Biz onu suçluların kalbine öyle sokmuşuzdur.

Elmalılı (sadeleştirilmiş)

(200-201) Böylece onu günahkarların kalplerine soktuk. (Okuyup anladılar, ama yine de) acıklı azabı görünceye kadar ona iman etmezler.

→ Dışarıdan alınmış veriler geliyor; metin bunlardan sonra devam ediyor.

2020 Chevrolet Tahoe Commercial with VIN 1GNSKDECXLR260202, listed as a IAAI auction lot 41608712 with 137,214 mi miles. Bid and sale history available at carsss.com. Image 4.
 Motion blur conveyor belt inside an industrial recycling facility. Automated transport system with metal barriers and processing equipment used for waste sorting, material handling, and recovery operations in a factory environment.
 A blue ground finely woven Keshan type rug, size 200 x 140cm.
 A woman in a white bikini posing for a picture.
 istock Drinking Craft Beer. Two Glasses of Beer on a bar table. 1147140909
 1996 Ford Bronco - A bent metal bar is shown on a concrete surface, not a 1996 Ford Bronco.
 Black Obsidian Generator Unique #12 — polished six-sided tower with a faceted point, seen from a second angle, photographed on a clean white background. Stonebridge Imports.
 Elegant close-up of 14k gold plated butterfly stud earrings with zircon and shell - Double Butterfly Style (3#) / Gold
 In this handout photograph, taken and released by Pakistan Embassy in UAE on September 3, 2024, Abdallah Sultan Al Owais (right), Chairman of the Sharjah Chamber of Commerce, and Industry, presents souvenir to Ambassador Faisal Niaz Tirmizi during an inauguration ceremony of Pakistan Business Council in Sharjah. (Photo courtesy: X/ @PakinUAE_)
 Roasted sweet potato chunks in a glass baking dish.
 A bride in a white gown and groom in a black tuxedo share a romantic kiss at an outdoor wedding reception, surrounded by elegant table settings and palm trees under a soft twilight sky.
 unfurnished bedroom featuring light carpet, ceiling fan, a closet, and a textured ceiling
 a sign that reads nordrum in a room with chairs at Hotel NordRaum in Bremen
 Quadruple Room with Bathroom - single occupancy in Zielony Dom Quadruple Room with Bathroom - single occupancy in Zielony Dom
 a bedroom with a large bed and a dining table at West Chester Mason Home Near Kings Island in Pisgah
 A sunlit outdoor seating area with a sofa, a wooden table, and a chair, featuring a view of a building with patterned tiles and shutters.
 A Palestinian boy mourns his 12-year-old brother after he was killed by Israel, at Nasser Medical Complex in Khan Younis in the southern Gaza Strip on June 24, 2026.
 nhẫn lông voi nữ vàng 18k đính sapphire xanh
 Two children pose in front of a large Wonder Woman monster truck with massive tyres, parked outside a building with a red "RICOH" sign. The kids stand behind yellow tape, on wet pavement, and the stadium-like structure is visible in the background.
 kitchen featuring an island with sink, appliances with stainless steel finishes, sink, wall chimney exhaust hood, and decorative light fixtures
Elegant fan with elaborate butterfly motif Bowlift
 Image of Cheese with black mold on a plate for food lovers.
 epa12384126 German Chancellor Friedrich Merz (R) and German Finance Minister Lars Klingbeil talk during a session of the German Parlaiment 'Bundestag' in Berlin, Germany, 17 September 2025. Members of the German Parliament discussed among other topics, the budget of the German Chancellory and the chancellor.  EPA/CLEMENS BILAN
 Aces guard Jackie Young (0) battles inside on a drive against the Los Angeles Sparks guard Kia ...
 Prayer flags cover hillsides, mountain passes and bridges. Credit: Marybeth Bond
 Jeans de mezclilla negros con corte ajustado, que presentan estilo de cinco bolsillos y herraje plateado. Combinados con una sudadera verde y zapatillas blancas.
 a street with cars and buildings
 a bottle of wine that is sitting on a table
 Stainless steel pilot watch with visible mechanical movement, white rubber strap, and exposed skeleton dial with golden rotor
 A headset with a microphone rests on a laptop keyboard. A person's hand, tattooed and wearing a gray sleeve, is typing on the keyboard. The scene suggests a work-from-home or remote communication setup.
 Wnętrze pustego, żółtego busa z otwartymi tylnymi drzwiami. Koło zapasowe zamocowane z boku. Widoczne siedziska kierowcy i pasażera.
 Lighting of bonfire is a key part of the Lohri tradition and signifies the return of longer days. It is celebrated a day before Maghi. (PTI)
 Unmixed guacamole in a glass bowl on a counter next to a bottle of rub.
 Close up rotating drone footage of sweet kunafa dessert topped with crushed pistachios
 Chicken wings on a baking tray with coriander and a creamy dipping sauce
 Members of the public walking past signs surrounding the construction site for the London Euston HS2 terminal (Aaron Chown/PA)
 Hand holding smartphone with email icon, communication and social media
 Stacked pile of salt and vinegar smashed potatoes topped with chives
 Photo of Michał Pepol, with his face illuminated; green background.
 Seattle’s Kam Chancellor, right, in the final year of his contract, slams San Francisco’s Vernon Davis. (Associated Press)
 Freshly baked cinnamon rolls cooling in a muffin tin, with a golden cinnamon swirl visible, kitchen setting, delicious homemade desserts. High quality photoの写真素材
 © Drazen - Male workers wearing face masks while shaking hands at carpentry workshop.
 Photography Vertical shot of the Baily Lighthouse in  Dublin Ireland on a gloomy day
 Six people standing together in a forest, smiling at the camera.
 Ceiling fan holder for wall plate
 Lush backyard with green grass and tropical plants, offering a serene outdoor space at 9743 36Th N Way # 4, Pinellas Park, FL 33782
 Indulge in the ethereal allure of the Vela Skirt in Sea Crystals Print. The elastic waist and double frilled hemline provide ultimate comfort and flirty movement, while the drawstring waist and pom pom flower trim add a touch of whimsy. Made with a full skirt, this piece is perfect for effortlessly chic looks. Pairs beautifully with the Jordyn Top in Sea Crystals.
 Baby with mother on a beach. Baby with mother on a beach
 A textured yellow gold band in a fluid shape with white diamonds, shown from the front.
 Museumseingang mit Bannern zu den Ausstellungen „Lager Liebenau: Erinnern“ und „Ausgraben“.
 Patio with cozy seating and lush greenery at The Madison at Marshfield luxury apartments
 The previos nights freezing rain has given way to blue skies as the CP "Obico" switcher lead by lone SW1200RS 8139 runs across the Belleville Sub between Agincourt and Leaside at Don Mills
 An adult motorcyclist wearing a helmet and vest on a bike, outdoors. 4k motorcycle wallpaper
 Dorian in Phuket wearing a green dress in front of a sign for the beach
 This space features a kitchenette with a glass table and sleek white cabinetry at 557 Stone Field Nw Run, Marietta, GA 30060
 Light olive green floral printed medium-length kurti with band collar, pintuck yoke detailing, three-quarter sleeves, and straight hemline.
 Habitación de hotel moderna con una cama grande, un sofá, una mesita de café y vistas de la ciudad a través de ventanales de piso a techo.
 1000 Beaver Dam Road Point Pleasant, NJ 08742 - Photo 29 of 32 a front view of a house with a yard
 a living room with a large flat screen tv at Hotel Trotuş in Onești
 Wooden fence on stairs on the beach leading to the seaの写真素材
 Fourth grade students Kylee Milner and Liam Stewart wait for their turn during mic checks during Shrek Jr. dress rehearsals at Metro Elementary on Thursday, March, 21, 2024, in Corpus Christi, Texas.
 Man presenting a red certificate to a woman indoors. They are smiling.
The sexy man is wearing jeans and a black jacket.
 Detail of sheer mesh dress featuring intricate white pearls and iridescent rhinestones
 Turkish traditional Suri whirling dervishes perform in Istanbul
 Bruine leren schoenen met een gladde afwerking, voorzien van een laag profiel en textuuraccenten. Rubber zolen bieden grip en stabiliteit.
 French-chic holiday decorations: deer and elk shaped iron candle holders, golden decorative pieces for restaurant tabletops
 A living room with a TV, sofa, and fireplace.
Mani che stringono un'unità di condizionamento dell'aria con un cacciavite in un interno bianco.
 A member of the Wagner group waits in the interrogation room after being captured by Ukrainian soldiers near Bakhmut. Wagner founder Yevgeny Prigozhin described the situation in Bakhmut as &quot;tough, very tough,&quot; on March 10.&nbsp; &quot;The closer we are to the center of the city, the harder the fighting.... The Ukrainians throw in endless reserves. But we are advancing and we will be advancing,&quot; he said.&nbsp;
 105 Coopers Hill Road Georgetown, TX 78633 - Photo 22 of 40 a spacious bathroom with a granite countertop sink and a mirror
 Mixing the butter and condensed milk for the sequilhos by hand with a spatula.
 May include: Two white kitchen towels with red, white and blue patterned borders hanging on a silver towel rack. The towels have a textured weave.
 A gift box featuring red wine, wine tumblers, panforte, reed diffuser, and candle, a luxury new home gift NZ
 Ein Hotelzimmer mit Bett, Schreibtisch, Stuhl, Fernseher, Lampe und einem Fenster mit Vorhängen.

Elmalılı (sadeleştirilmiş - 2)

Böylece inanmamayı ağır suçluların kalplerine aşıladık.

Seyyid Kutub

Biz onu, suçlu günahkarların kalbine işte böyle işlettik.

Gültekin Onan

Biz (küfrü) o günahkârların kalbine Öyle bir sokduk ki,

Hasan Basri Çantay

İşte onu (o küfrü) günahkârların kalblerine (yalanlamalarındaki inadları sebebiyle) böyle sokmuşuzdur.

Hayrat Neşriyat

İşte böylece onu suçluların kalbine sokarız.

İbni Kesir

Biz bu (mesajı)n o günahkarların kalplerinden (bir yankı bulmadan) geçip gitmesine yol açtık:

Muhammed Esed

İşte öylece onu (küfrü) günahkârların kalplerine sokmuşuzdur.

Ömer Nasuhi Bilmen

İşte böylece onu o günahkârların kalplerine soktuk.

Ömer Öngüt

İşte böylece onu suçluların kalbine sokarız da..

Şaban Piriş

(200-201) İşte aynen bunun gibi, Biz o yalanlamayı suçlu kâfirlerin kalplerine öyle bir soktuk ki, o can yakıcı azaba girmedikçe ona iman etmezler.

Suat Yıldırım

Biz onu, suçluların kalblerine öyle soktuk.

Süleyman Ateş

Biz onu, suçlu günahkârların kalbine işte böyle geçirip yürüttük.

Tefhim-ul Kuran

Mücrimlerin kalplerinde inkârı Biz böyle yerleştirmişizdir.

Ümit Şimşek

Biz onu suçluların kalplerine işte böyle yolladık.

Yaşar Nuri Öztürk

Biz küfrü onların kalbine öylesine soktuk, veya biz Kur'ân'ı onların kalplerine öyle soktuk, yani kendi dilleriyle indirdik, manasını çok iyi anladılar.

Abdullah Parlıyan

(200-201) Onu, günahkârların kalplerine böyle soktuk. Bu yüzden, acıklı azabı görünceye kadar ona iman etmezler.

Bayraktar Bayraklı

(200-201) Biz onu (kendi dilleriyle anlatarak Kur'an'ın), o günahkârların kalplerine girmesini sağladık. Ama onlar yine de, o can yakıcı azabı görünceye kadar ona iman etmezler.

Cemal Külünkoğlu

Biz böylece onu, suçlu günahkârların kalplerine soktuk (da okuyup anlamış oldular).

Kadri Çelik

Kur’ân’ı hayatları günah hasadından ibaret o inkârcı suçluların kalblerinden (inkâr ve günahta ısrarları sebebiyle) işte böyle, kalıcı bir tesir bırakmadan geçirip gidiyoruz:

Ali Ünal

Onu günahkârların kalplerine böyle soktuk.

Harun Yıldırım

İşte Biz vahyin, günaha batmışların kalplerinde (etki etmeden) geçip gitmesini böyle sağlamışızdır.

Mustafa İslamoğlu

Işte, suçluların kalpleri böyledir!

Sadık Türkmen

Biz o kitabı günahkârların kalbinden geçirdik.

İlyas Yorulmaz

Biz O’nu, mücrimlerin kalplerine işte böyle soktuk (işledik).